India's ruling Hindu nationalist party approved legislation in the country's most populous state on Tuesday that means anyone who uses marriage to force someone to change religion will face a prison term of up to 10 years.
Uttar Pradesh is the first state in the country to bring in such a law and comes after a campaign by hardline Hindu groups against some interfaith marriages.
The so-called "love jihad" marriages supposedly involve Muslim men luring Hindu women away from their religion before wedding them.
BJP accused of fanning the flames
Critics said the new legislation approved by the cabinet of Uttar Pradesh state, run by Prime Minister Narendra Modi's Bharatiya Janata Party (BJP), was aimed at further alienating India's 170 million Muslims by making them appear as aggressors plotting to weaken Hindu women. Modi and the BJP have been accused of having an anti-Muslim agenda.
Under the new decree, a man and woman belonging to different religions will have to give two months' notice to the district magistrate before they get married.
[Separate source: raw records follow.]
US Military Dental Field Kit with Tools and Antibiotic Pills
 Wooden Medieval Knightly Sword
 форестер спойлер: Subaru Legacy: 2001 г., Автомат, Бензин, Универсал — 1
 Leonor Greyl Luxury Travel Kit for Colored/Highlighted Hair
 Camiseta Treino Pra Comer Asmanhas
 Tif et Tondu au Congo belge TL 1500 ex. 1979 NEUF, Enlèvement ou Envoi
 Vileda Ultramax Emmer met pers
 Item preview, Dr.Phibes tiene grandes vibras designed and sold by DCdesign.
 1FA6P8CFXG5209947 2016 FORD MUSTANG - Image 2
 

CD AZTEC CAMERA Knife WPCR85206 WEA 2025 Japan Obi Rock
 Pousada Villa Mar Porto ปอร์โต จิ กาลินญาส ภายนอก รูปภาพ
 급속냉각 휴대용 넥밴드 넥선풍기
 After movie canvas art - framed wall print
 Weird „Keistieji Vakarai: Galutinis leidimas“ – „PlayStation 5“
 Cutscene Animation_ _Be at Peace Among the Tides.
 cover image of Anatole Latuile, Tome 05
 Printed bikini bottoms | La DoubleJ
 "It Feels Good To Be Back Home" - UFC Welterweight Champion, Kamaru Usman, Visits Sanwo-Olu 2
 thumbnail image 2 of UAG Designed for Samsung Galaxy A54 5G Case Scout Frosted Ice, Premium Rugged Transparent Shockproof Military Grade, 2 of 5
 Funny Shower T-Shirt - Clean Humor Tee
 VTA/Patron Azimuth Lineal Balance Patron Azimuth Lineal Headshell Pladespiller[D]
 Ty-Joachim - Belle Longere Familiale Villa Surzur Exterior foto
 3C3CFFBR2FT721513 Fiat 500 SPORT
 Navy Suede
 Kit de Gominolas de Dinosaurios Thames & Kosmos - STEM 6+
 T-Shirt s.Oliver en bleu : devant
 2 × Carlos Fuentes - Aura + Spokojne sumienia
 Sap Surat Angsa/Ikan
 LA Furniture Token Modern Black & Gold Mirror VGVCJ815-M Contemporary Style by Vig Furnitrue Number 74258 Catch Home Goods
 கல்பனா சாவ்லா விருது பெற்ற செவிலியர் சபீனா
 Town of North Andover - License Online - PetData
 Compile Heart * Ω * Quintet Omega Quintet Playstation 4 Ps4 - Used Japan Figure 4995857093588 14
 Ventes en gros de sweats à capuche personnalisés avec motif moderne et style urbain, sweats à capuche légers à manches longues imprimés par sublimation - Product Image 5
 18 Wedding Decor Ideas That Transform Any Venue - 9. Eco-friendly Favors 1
The couple will only then be allowed to tie the knot on the proviso there are no objections.
Hindus makes up 80% of India's 1.3 billion population, while Muslims account for around 14%. Hardline groups have recently stepped up a campaign for a Hindu-first India.
In October, jewelry brand Tanishq dropped a television commercial featuring a Hindu-Muslim family celebrating a baby shower, after criticism from Hindu nationalists and the ruling BJP. They said the advertisement promoted "love jihad."